Task prompt:
Down to the last line, set down the listing below exactly, apart from its pictures.

Data segment:
• • • • • • •

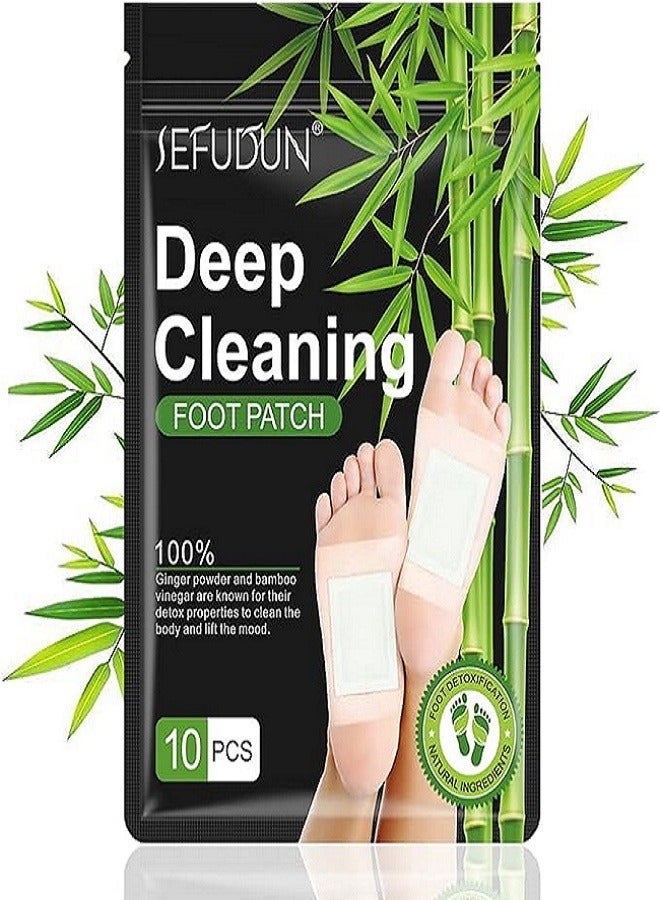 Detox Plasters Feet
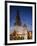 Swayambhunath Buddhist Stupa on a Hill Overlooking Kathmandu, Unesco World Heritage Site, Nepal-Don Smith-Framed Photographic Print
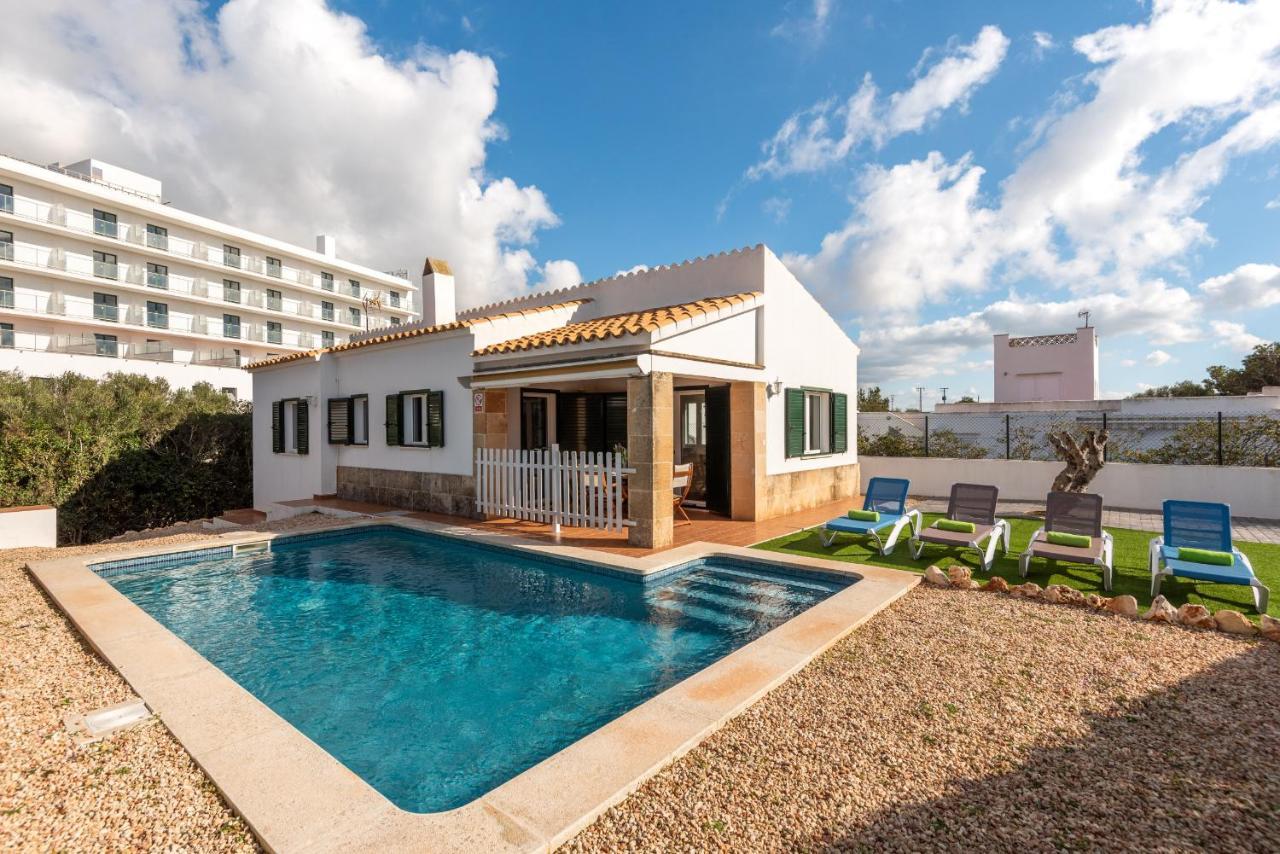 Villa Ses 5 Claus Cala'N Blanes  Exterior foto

• • • • • • •

The answer:
 Detox Plasters Feet
 Swayambhunath Buddhist Stupa on a Hill Overlooking Kathmandu, Unesco World Heritage Site, Nepal-Don Smith-Framed Photographic Print
 Villa Ses 5 Claus Cala'N Blanes  Exterior foto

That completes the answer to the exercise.